When the Alkali Flats promise a musical train wreck, they aim to deliver the goods. First, they decided to learn every song on Hank Williams Sr.’s 40 Greatest Hits CD. Then, those crazy bastards announced they’d let any dang fool with a hankering for country-music stardom get up and play Hank to their Drifting Cowboys. Make no mistake: Hank Williams Sr. was the rowdiest, drunkest country-music icon of them all. Those who volunteer to channel his spirit for the night may find themselves behind bars come morning or, at the very least, all alone and brokenhearted.
Also, keep in mind that a karaoke machine is not hindered by a vocalist with no rhythm. But a live band? Well, the Flats may spend a good deal of the night trying not to be led astray. If you’ve ever wanted to hear a 12-minute rendition of “Moanin’ the Blues,” this may be your chance.
At a recent interview, guitarist Tim White sat with bandmates Chris Harvey (bass and guitar) and Mark Miller (drums), discussing how the train wreck became their destiny. Harvey retraced the first steps in the band’s downward spiral. “We spend a lot of time in the Nevada desert, poking around, trying to find ghost towns,” he explained. “There’s this sort of do-what-you-want aspect to it that’s really enjoyable. Some people bring guns, or we bring fireworks or flare guns. You know, you can make as much noise as you want. We usually bring all our instruments, drink as much we want, and we can kinda fall down wherever we want, and nobody cares.”
It was during these trips, playing music around a campfire and sleeping in long-abandoned miners’ cabins, that the Alkali Flats began to develop strange ideas of how to put on a show.
White described their gigging experiences. “The best shows we have, besides trips to our ghost town, involve us walking into random rural bars and just playing.” White continued, “Those people seem to get it without being critical about musical genres and shit. We can play everything from the Blue Sky Boys to Gram Parsons, Louvin Brothers to Willie Nelson and throw in a ’60s folk song just to fuck you up, and it don’t matter. We just play music, sing, smile and laugh.”

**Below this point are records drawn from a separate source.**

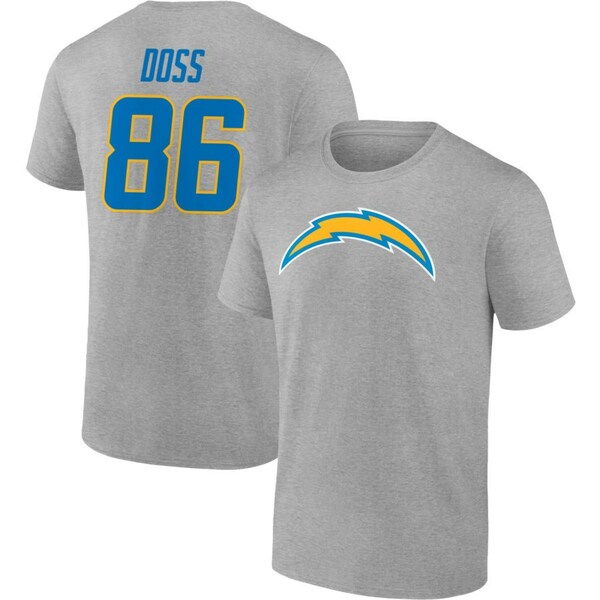 ファナティクス メンズ Tシャツ トップス Los Angeles Chargers Fanatics Branded Team Authentic Custom TShirt Heathered Gray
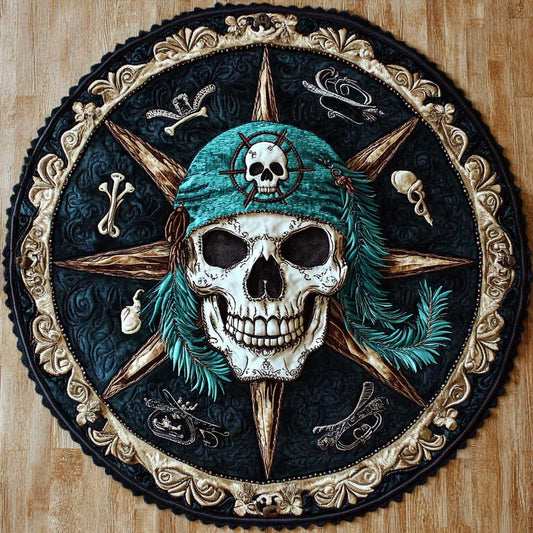 Skull Compass WN1705065CL Quilted Round Mat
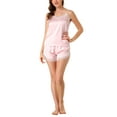 thumbnail image 2 of INSPIRE CHIC Women's Lace Cami Shorts Pjs Sleepwear V Neck Camisole Satin Pajamas Set XS-XXL Pink XX-Large, 2 of 7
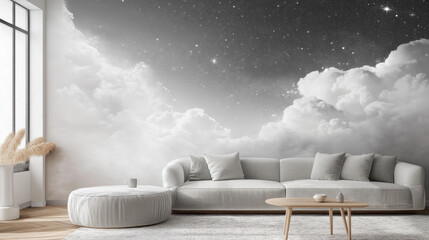 Celestial Dreamscape Wall Mural in Modern Living Room 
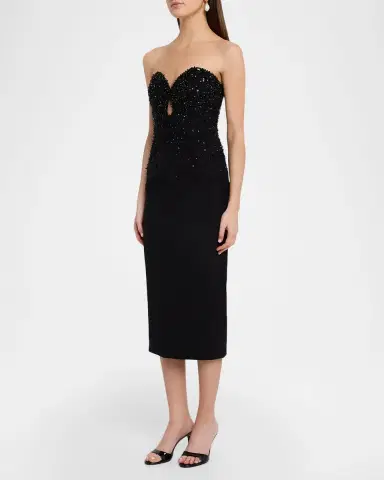 Pamella Roland Embellished Strapless Crepe Midi Gown | Thumbnail 4 Pamella Roland Embellished Strapless Crepe Midi Gown | Thumbnail 4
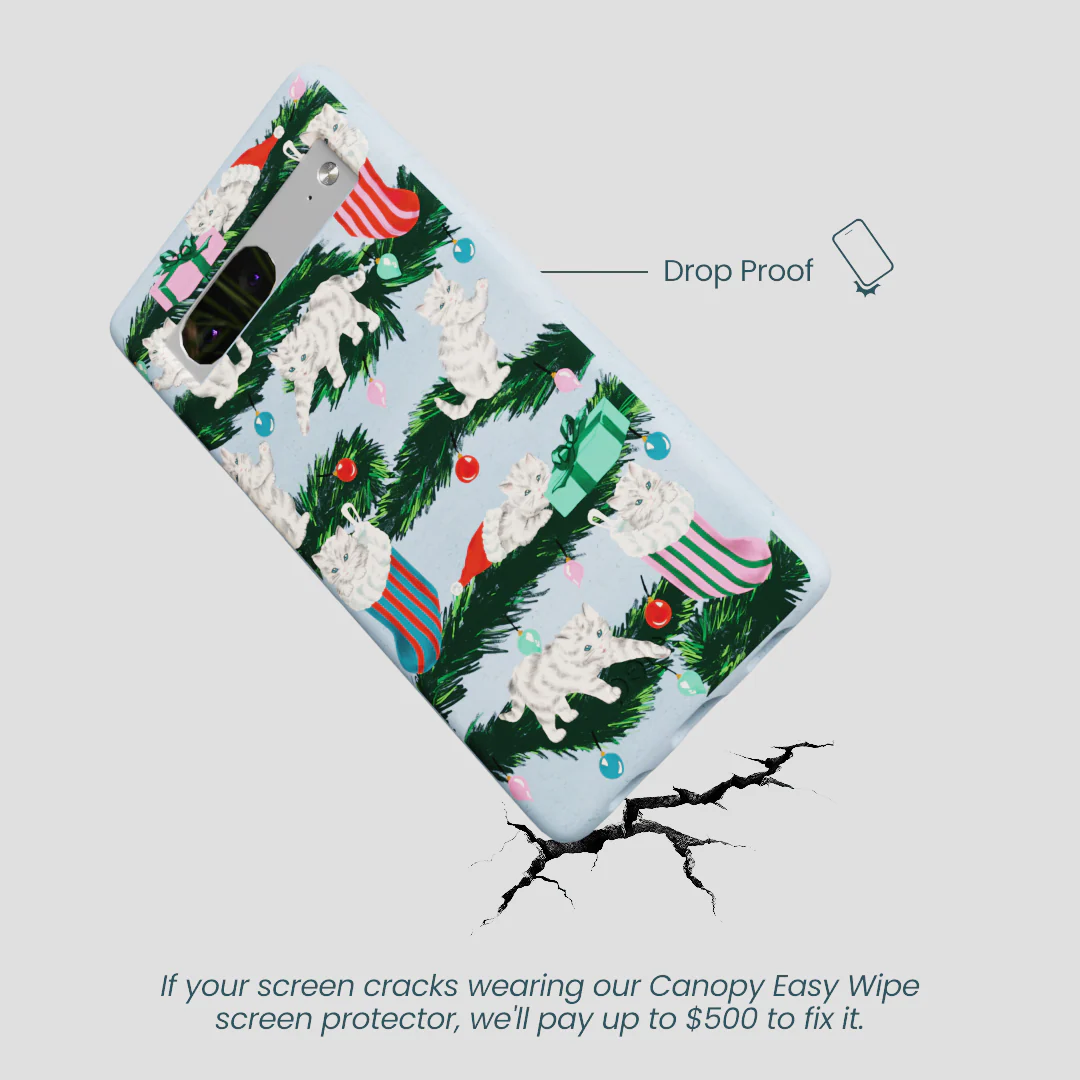 Powder Blue Christmas Kittens Google Pixel 7a Case - Image 5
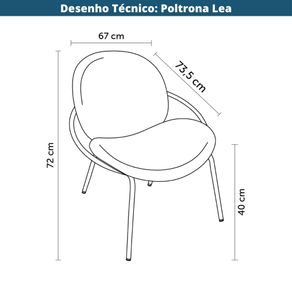 6 Poltrona Lea Rivatti 67 cm -Largura- Estofado em Boucle Off White e Base em Aco Preto Pintado a Po Desenho Tecnico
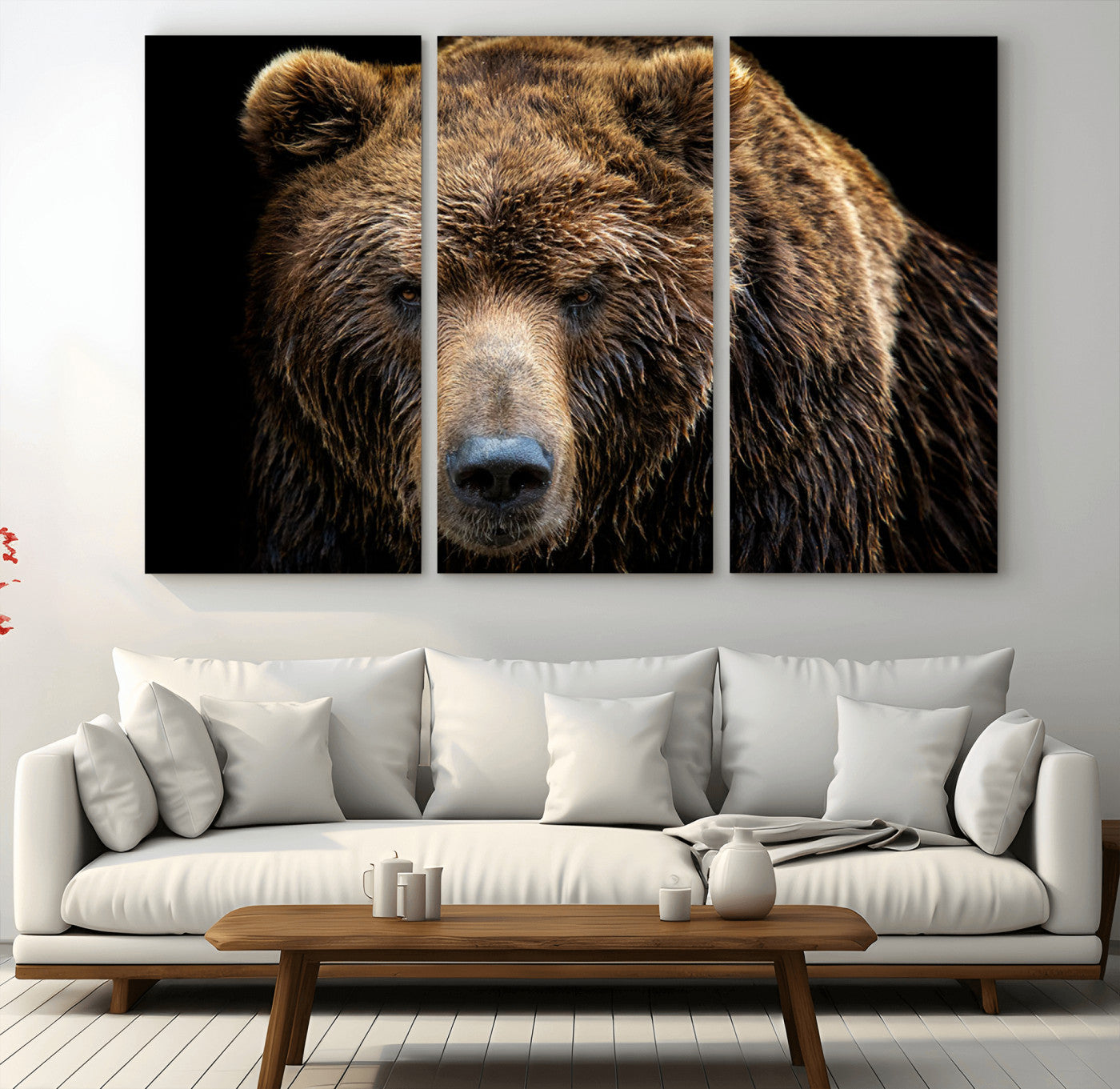 MGV-CV-48X32-3P - Grizzly Brown Bear Canvas Wall Art, Wildlife Animal Canvas Artwork Bear Print, Bear Wall Art Print,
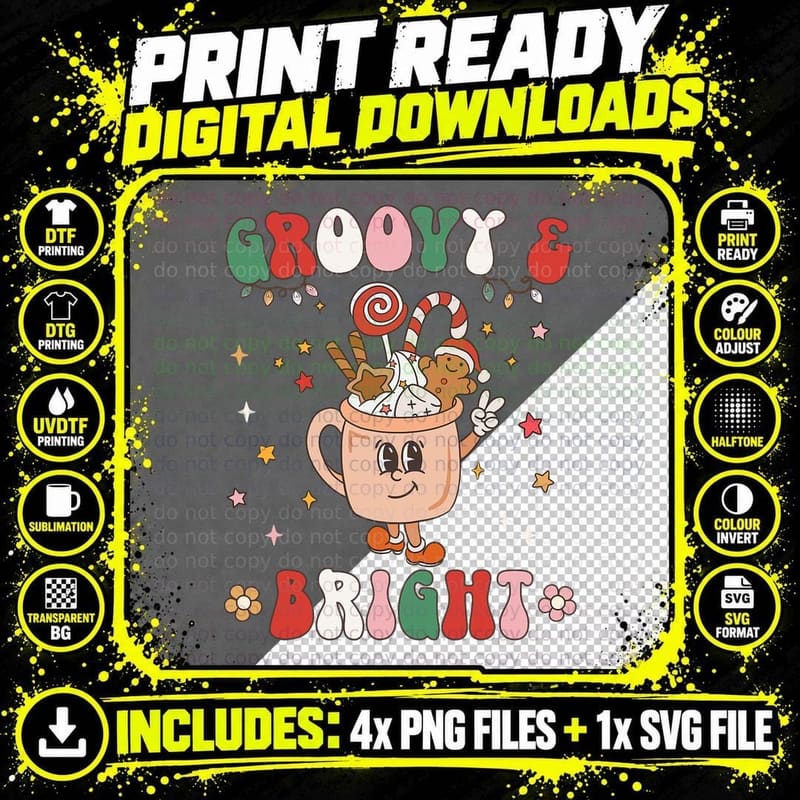 Retro Christmas Groovy & Bright Hot Cocoa Hot Chocolate Png SVG Digital Bundle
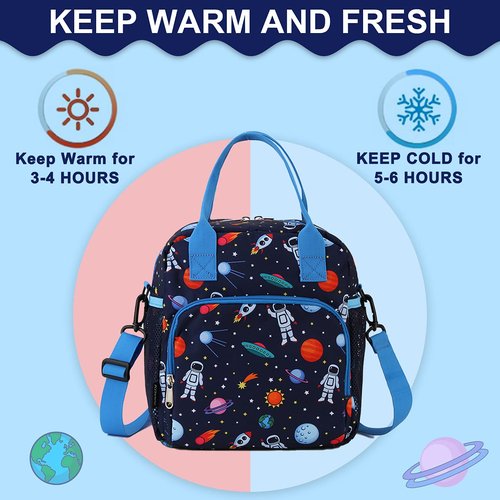 RAVUO Lunch Bag for Kids, Insulated Lunch Box Large Thermal School Lunch Cooler for Girls and Boys with Detachable Shoulder Strap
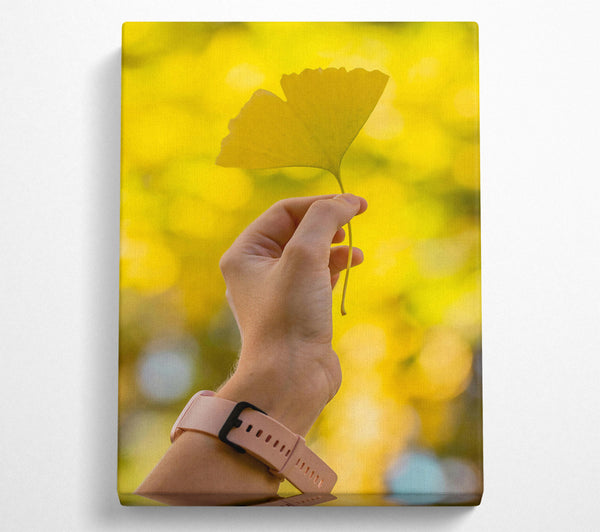  A Canvas Print of Golden Leaf And Hand Canvas Wall Art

Clearly, the band enjoys life outside the clubs. So, when the Alkali Flats venture into club land, you know they’re on a mission. When asked if he really expects a train wreck, White answered, “I think there’ll be moments of musical brilliance and moments of sheer comedy.”
The band is picking up Williams’ songs at an alarming rate. With only three rehearsals to go at the time of this interview, the Flats had learned 33 songs. White pointed out the difficulty in tackling such a set: “Learning a Hank Williams song is fairly easy because a lot of them are real straightforward. Trying to learn 40, they tend to all start to bleed together a little bit.”
As if the band hadn’t signed up for enough uncertainty, the Flats have arranged for guest musicians to join them. Mike Farrell, better known for his over-the-top rock ’n’ roll, will show what he can do with an acoustic guitar. “There are rumors that we might have a fiddle player,” Harvey added mysteriously. “He hasn’t practiced with us yet. We haven’t really met, but he might play with us.”
In addition to Farrell and “Fiddle Player X,” there is a fourth official Alkali Flats member. Multi-instrumentalist Keith Cary is a minor celebrity on the old-timey music circuit, having played with the Joy Buzzards as well as Robert Crumb’s Cheap Suit Serenaders.
There ought to be just enough room left on the stage for the merry karaoke singers. Pull out them Hank records and choose a few favorites to rehearse. The band has vowed to play no song more than twice, so show up early and have a few backup selections ready.